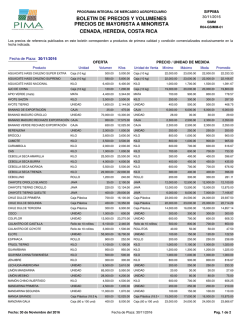 boletin de precios y volumenes precios de mayorista a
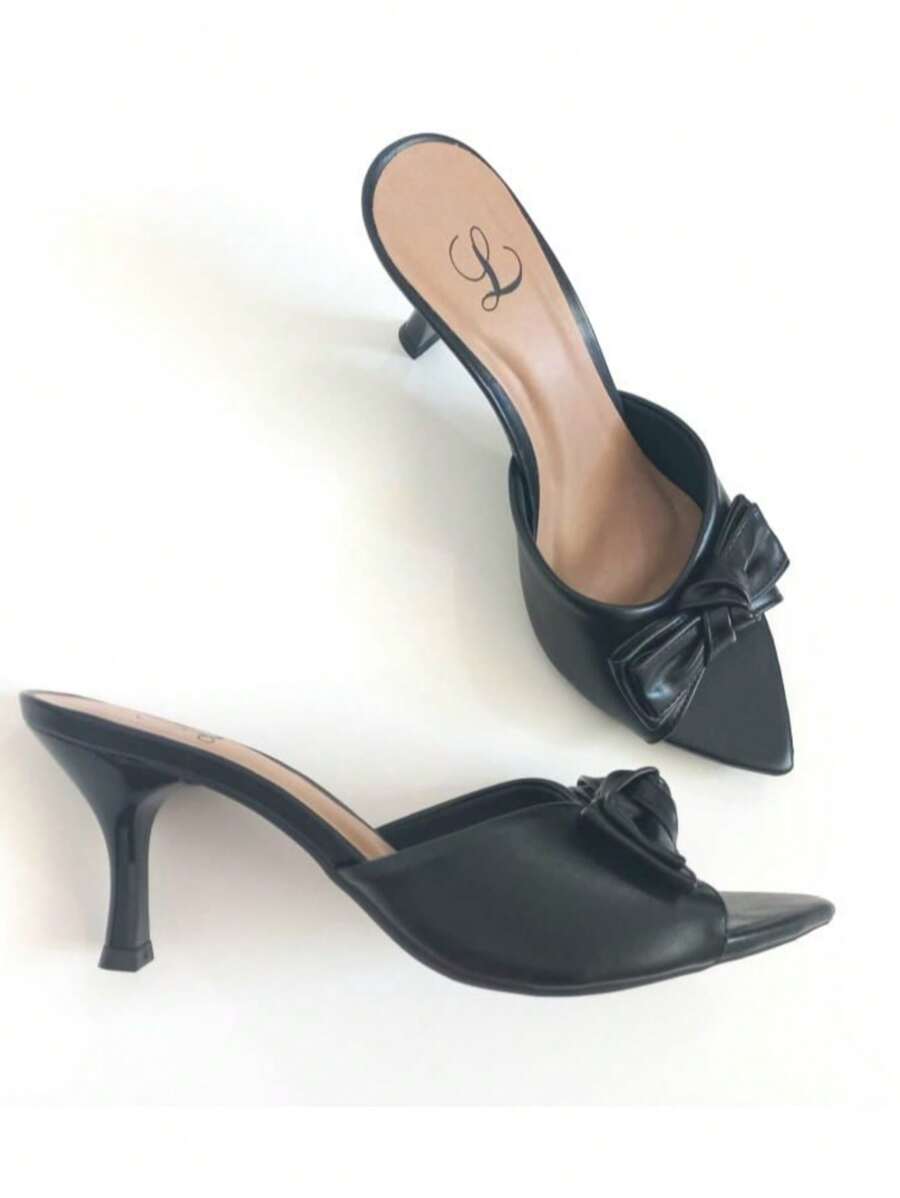 Women's Clogs With Leaf Toe And Black Bow Fashion Women's Sandal With Medium Heel - 黑色 - 查看 1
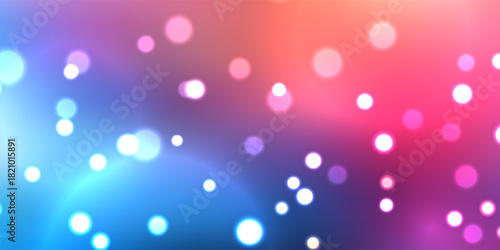 Colourful Christmas banner with bokeh lights design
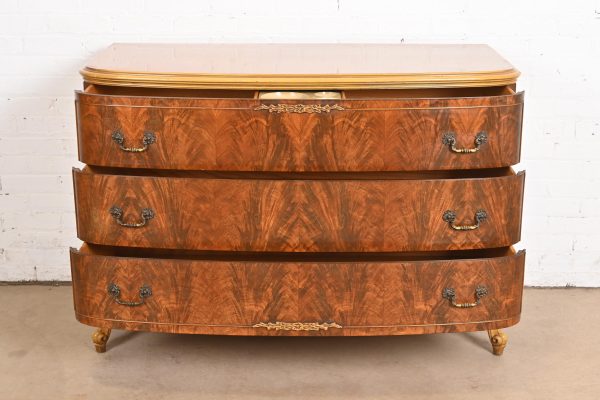 Romweber French Provincial Louis XV Flame Mahogany and Parcel Painted Dresser, Circa 1920s - Image 5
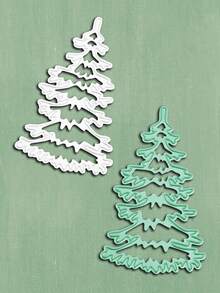 Set Of 4 Christmas Metal Cutting Dies Decorative Embossing Die-Cut For Christmas Trees Snowflake Elk Photo Album Card Making, DIY Handmade Scrapbook Crafts Stencil Supplies - As Shown In the Picture - View 5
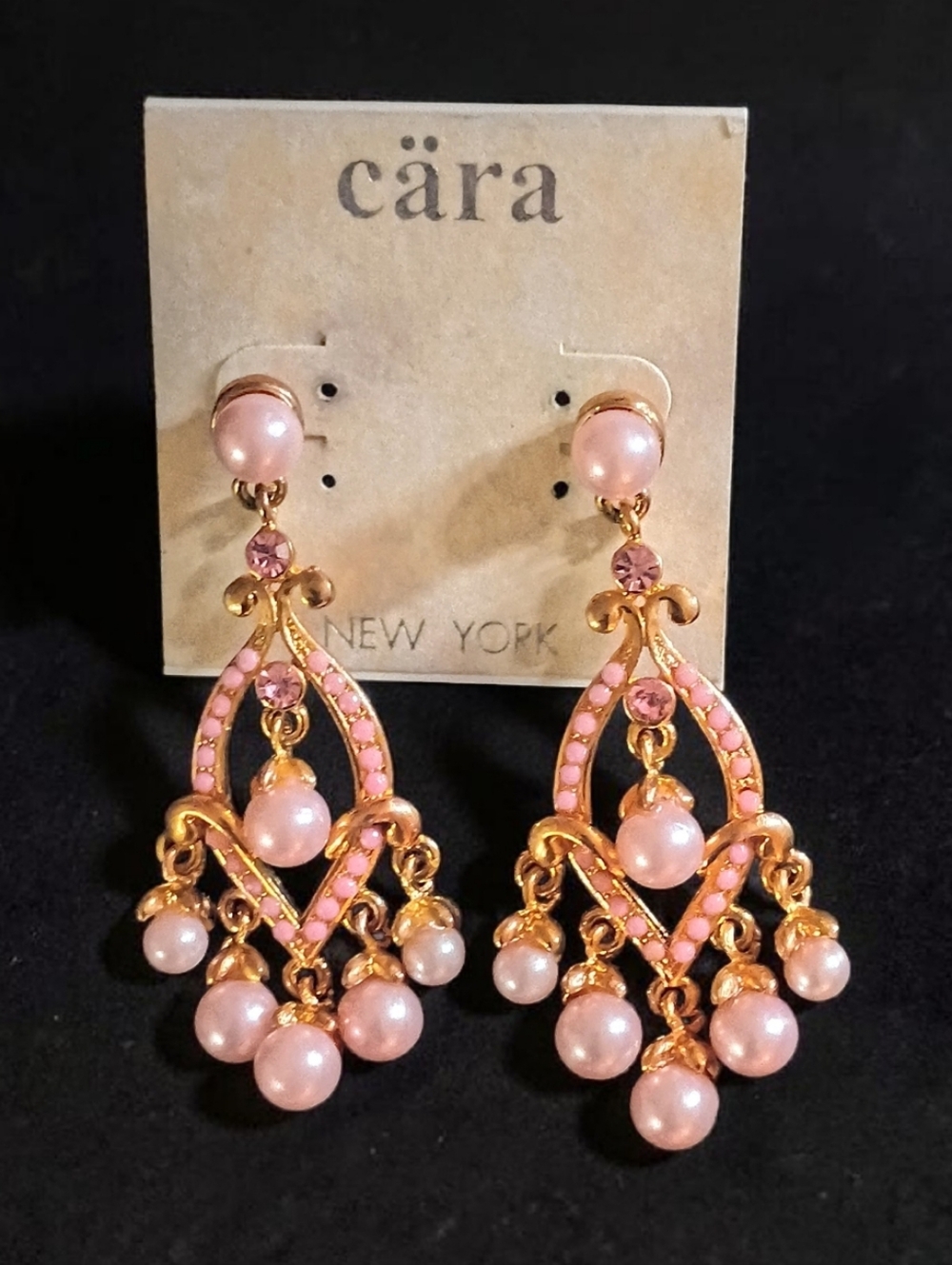 Cara NY Pink Pearl Dangle Earrings - Gold Tone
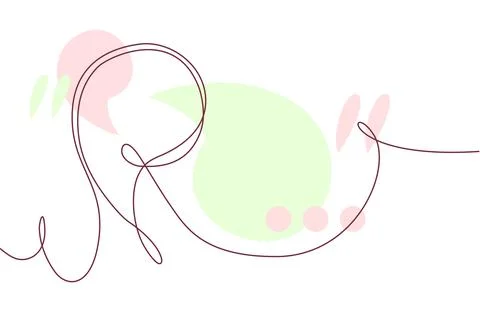 Speech bubble continuous line drawingwith color shapes Illustrazione stock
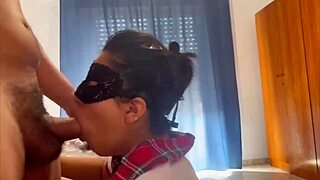 Horny Latina Student Sucks Cock Deep and Swallows Hot Cumshot in Close-Up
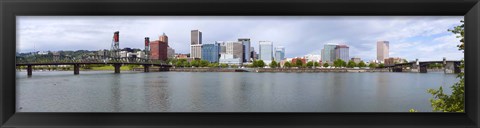 Framed Bridges with city skyline in the background, Hawthorne Bridge, Burnside Bridge, Willamette River, Portland, Oregon, USA 2010 Print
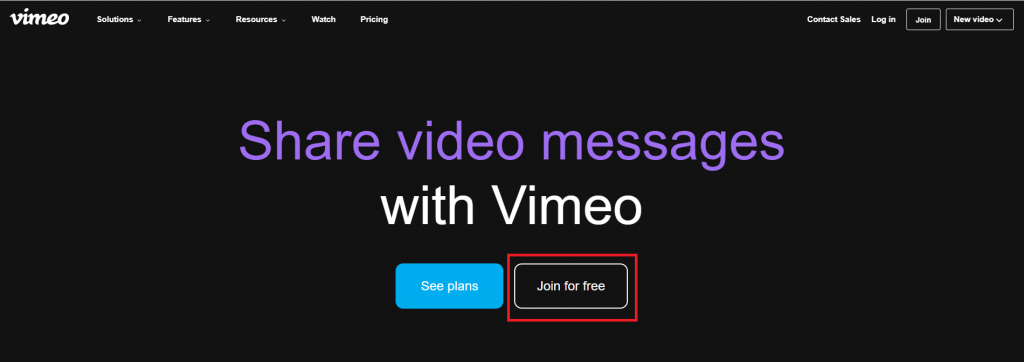 Tap the Join for free option to get Vimeo free trial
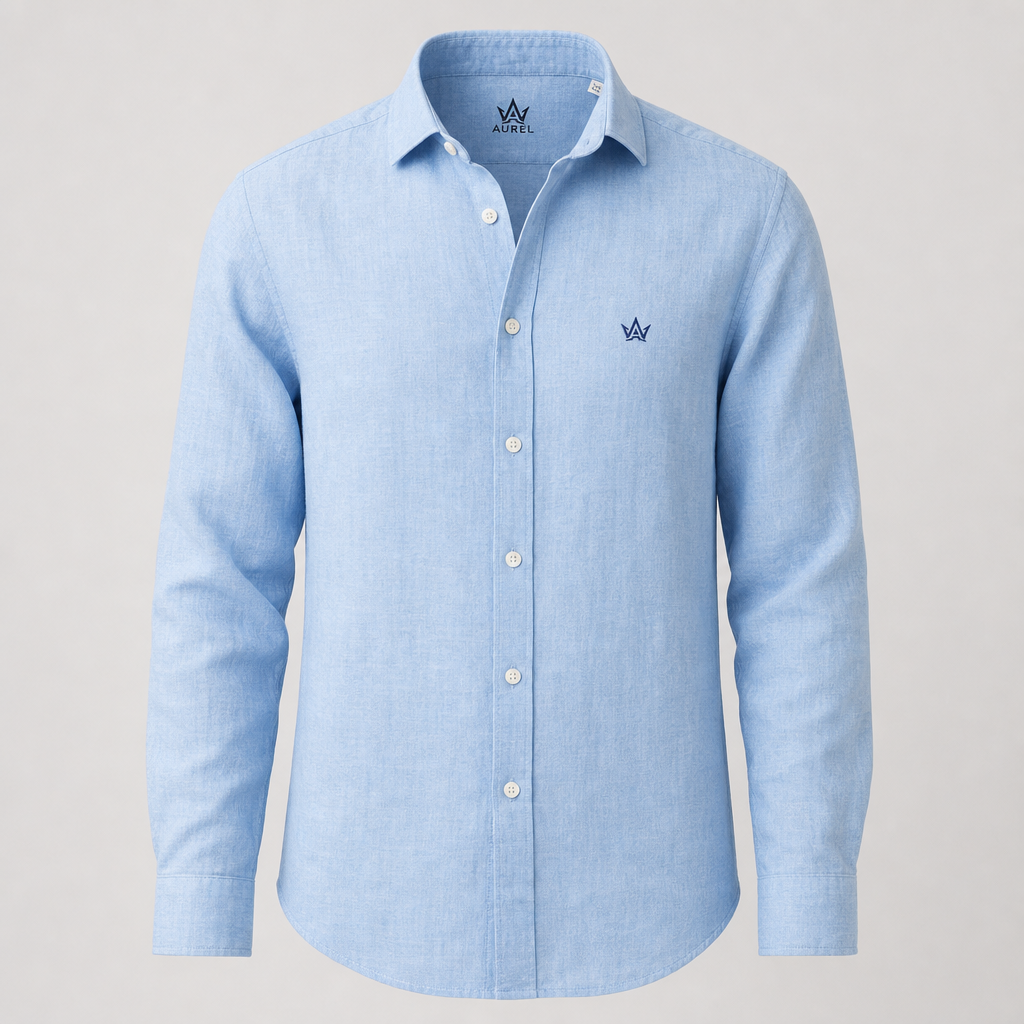 AUREL Linen Blend Shirt — Light Blue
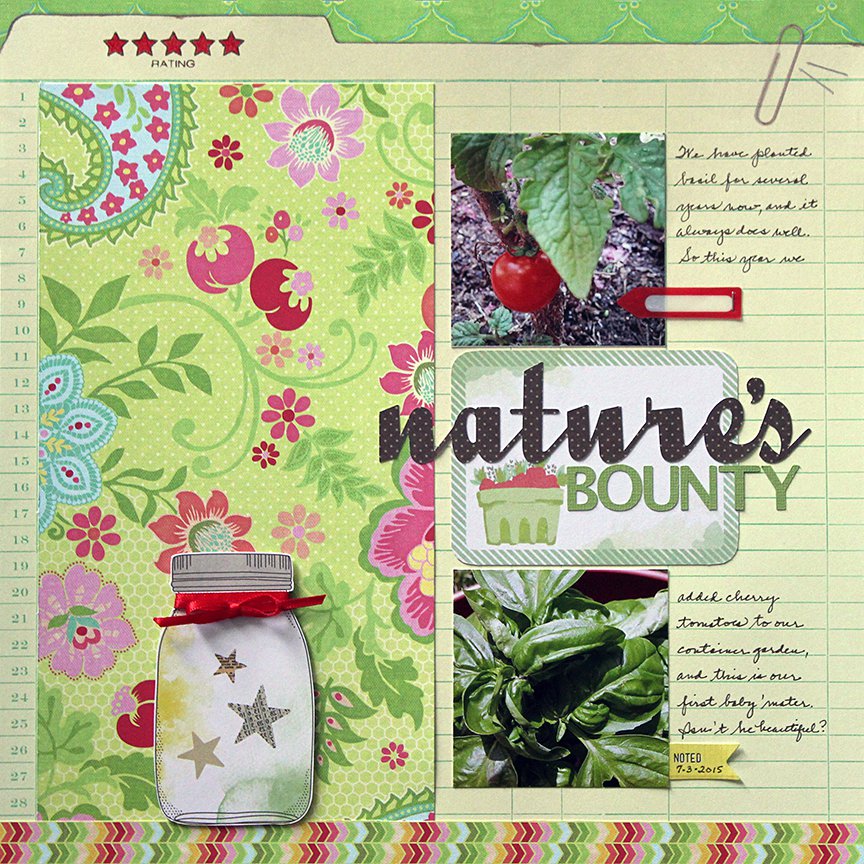 Nature's bounty is a two-photo scrapbook layout about my container garden.
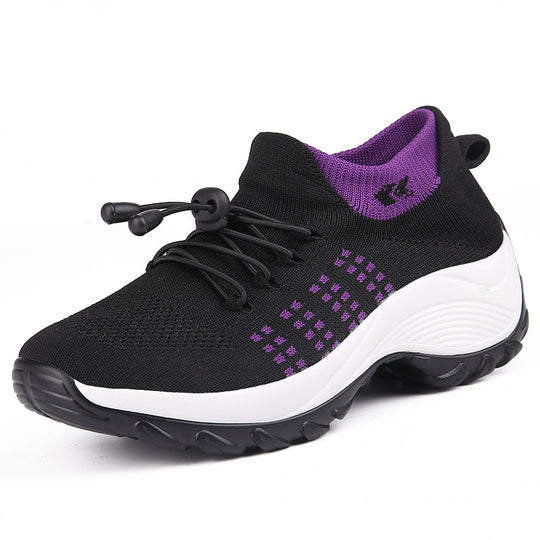 Damen gestrickte Slip-On Sneaker mit Schnellzugkordel, elastischem Schaft und stoßdämpfender Plateau-Sohle Shop Nory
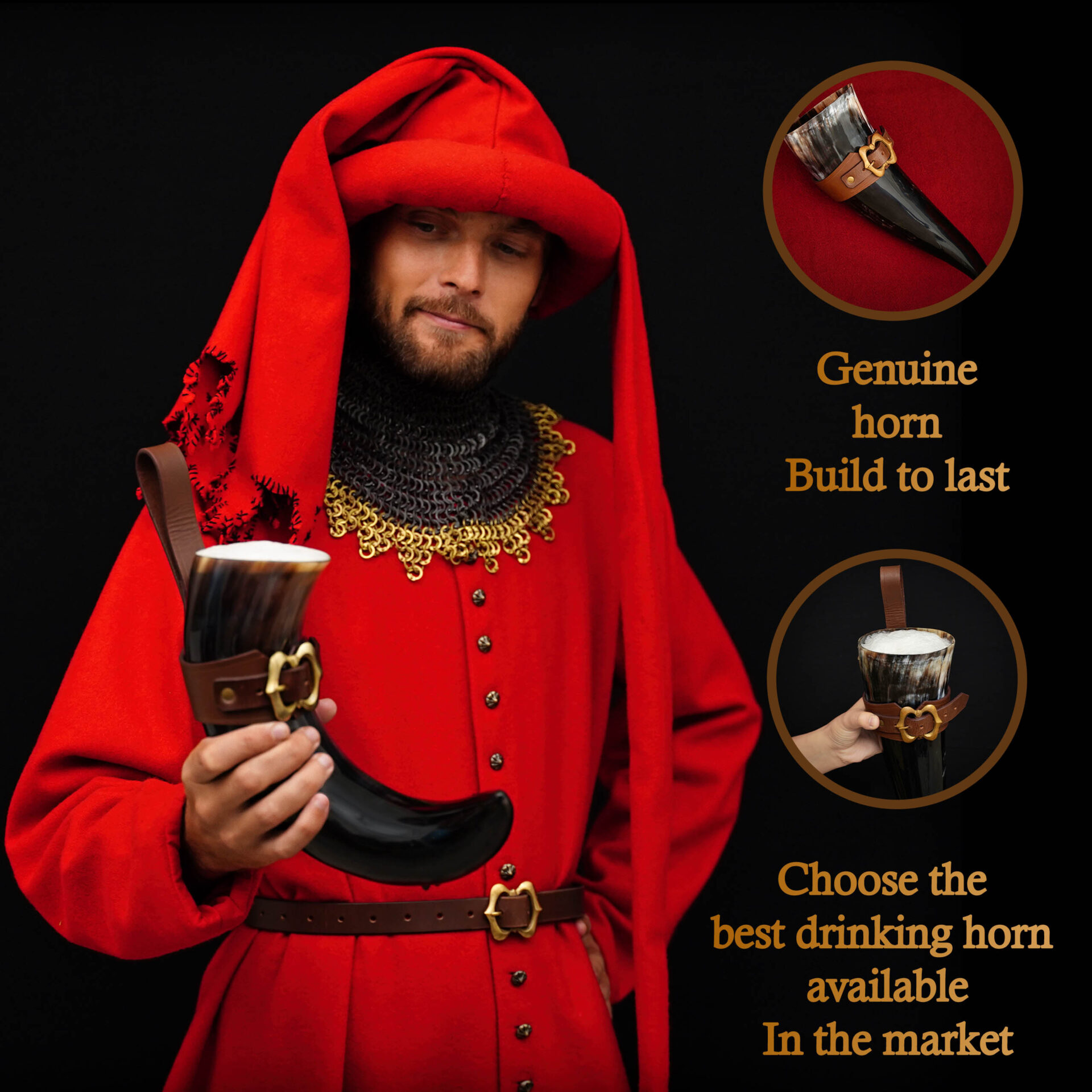 Mythrojan THE LOYAL SOLDIER – 600 ML Viking Drinking Horn with Brown Leather holder Authentic Medieval Inspired Viking Wine/Mead Mug – Polished Finish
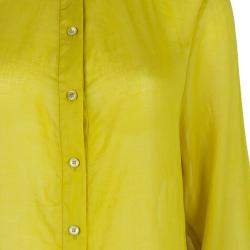 Pre Owned Kenzo Yellow Cotton Blend Shirt M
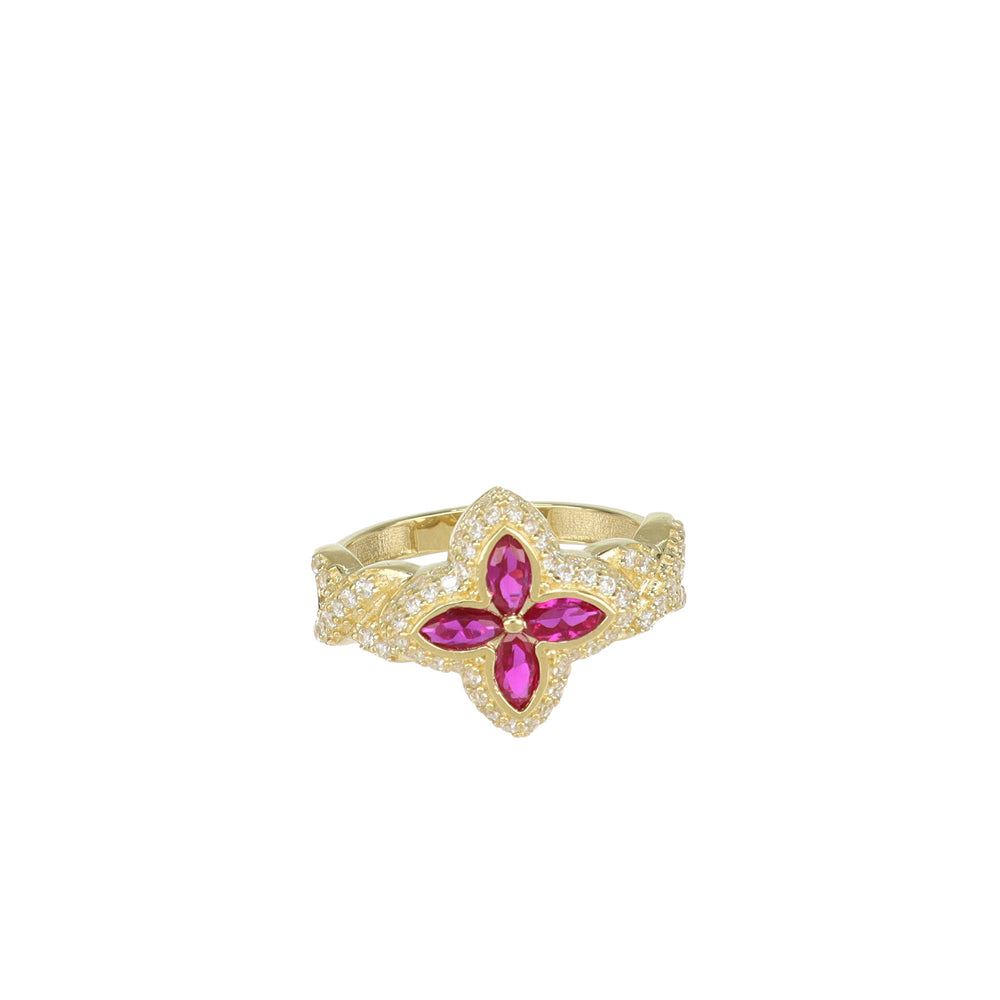 Anillo Flor Roja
===
--- What is needed ---
Give the lines again exactly, starting where the entries begin and stopping once the line with "Romweber French Provincial" is included; pictures are not copied.

--- Exercise output ---
 boletin de precios y volumenes precios de mayorista a
 Women's Clogs With Leaf Toe And Black Bow Fashion Women's Sandal With Medium Heel - 黑色 - 查看 1
 Colourful Christmas banner with bokeh lights design
 Romweber French Provincial Louis XV Flame Mahogany and Parcel Painted Dresser, Circa 1920s - Image 5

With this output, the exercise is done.